Warren Buffett’s career is filled with splashy takeovers that cost billions -- as in $10 billion or $20 billion or $30 billion.

But $100 billion? Even for Buffett, that’d be an awful lot of money. Yet, that is now the buzz among some investors, analysts and Buffett fans.

There are no signs that anything is on the immediate horizon, but they can’t resist fixating on the record amount of cash piling up at Buffett’s Berkshire Hathaway Inc. -- conceivably enough to manage a transaction with a 12-figure price tag. That would put a takeover of, say, Nike Inc. or Costco Wholesale Corp. in range, to cite examples of companies that might appeal to Buffett’s tastes.

“A $100 billion deal seems possible” given the cash on hand, said Richard Cook, an investment manager in Birmingham, Alabama, whose fund holds Berkshire shares.


It’s a tantalizing proposition as thousands of investors prepare to gather this weekend for the company’s annual meeting in Omaha, Nebraska. Even at 86, Buffett is eager to show his fans that he’s far from done building his empire -- and that he can top his largest takeover, the $34 billion purchase of railroad Burlington Northern Santa Fe in 2010.

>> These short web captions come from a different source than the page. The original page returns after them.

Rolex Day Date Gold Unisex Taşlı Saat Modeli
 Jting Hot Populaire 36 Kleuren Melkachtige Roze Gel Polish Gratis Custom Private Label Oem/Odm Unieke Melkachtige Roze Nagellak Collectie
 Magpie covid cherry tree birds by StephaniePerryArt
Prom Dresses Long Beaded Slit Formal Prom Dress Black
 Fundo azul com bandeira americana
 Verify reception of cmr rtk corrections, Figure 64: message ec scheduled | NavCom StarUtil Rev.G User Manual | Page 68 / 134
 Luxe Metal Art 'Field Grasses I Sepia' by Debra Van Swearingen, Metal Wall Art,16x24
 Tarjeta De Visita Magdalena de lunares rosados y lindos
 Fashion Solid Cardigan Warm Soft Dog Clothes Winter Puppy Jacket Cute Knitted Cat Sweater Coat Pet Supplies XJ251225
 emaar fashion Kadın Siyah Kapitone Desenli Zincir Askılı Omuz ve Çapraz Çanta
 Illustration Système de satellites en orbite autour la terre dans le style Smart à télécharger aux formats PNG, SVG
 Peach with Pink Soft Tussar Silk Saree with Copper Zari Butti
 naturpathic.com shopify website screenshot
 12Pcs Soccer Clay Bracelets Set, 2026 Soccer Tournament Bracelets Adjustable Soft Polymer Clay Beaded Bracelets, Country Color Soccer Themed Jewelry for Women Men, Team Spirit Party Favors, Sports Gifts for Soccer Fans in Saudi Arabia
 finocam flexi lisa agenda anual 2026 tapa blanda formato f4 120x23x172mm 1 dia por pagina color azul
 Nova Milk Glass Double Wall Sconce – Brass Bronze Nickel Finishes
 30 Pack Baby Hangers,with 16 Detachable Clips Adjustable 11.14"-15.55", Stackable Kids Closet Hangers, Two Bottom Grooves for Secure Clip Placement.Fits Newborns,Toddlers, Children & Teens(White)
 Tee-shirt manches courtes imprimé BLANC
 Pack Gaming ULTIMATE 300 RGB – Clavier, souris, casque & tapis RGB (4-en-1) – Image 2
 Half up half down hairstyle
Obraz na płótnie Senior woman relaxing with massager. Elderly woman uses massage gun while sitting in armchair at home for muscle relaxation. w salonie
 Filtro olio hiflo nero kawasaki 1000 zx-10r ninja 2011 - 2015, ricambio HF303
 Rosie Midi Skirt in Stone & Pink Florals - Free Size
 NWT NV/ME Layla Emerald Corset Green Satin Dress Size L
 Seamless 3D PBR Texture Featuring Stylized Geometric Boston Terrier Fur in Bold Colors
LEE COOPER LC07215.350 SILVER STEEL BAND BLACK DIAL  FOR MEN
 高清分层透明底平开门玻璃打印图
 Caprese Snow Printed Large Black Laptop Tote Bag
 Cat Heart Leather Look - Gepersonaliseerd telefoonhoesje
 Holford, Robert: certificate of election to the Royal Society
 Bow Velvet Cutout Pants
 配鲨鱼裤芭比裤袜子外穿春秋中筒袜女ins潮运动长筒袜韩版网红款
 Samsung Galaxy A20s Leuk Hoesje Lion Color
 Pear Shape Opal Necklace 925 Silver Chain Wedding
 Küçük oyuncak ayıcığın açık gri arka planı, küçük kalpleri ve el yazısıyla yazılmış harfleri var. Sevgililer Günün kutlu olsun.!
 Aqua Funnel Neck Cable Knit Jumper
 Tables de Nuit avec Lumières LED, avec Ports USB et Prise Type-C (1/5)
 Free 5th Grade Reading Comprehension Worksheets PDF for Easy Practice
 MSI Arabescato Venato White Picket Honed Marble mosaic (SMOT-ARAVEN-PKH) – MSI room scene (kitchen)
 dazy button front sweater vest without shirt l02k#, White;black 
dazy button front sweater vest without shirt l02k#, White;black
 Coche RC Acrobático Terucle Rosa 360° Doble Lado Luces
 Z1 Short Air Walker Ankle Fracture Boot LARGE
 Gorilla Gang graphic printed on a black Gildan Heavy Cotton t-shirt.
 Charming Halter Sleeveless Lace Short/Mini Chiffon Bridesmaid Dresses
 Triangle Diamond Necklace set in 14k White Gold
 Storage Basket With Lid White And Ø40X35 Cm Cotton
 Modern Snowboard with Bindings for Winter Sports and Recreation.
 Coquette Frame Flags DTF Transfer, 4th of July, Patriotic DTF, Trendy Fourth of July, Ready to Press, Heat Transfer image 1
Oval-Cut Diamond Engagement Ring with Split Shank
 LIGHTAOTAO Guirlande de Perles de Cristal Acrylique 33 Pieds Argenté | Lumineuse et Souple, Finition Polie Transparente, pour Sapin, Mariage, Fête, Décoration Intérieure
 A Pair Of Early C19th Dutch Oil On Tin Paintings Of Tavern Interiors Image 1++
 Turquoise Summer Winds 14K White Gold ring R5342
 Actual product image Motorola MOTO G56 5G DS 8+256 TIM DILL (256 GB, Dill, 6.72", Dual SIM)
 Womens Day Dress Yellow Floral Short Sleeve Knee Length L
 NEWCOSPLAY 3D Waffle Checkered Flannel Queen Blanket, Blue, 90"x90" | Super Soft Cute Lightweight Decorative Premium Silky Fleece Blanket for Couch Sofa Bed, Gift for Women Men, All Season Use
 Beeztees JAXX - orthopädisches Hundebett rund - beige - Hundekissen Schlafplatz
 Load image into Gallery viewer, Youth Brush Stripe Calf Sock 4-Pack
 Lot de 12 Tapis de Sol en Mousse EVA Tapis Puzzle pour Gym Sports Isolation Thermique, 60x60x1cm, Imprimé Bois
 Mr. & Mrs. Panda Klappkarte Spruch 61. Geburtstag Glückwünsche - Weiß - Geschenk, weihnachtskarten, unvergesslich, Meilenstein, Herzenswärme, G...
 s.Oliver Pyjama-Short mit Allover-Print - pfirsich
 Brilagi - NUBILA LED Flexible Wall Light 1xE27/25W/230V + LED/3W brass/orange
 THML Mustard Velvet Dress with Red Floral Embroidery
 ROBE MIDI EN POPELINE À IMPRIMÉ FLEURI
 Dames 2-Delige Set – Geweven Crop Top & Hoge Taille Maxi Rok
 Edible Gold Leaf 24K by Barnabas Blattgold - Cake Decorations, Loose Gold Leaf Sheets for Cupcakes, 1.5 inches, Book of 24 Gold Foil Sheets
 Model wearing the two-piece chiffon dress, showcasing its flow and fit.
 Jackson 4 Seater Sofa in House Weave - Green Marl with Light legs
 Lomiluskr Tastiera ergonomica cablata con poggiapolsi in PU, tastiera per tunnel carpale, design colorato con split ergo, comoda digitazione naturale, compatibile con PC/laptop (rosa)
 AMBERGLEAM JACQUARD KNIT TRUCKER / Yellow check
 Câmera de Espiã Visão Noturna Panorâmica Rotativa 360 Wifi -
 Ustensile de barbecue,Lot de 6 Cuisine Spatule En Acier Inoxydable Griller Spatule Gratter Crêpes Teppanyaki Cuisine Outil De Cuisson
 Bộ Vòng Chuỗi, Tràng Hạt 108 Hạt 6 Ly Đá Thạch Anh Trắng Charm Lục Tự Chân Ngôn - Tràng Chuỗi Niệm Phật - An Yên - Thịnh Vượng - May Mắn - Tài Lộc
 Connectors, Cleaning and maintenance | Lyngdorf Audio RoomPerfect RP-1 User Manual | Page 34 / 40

Most of all, Buffett wants to own companies with strong competitive advantages that have earnings he can predict far into the future. That’s why firms like Nike or Costco might theoretically appeal, assuming prices are attractive. To be sure, neither has indicated it’s actually for sale -- or that it would play along if a deep-pocketed buyer makes a bid.

Buffett certainly has the war chest to do so. At the end of December, Berkshire had $86.4 billion in cash, earning barely anything. That could balloon to $100 billion by mid-year as profits roll in from its dozens of subsidiaries, like auto insurer Geico and BNSF, said Jim Shanahan, an analyst at Edward Jones. And even though Buffett prefers to set aside at least $20 billion for a rainy day, it’s still “a lot of cash to be sitting on,” Shanahan said. Buffett didn’t immediately return a message seeking comment.

Investment Sales

The billionaire has plenty of other pockets to dig into, as well. He’s indicated he could sell portions of Berkshire’s stock portfolio to fund a deal. Some of those investments, including a $13 billion holding in International Business Machines Corp., could be liquidated without incurring much of a tax bill.

Then there’s debt. Buffett borrowed almost a third of the sum required for last year’s $33 billion deal for manufacturer Precision Castparts Corp. With interest rates so low, that could be a particularly attractive option.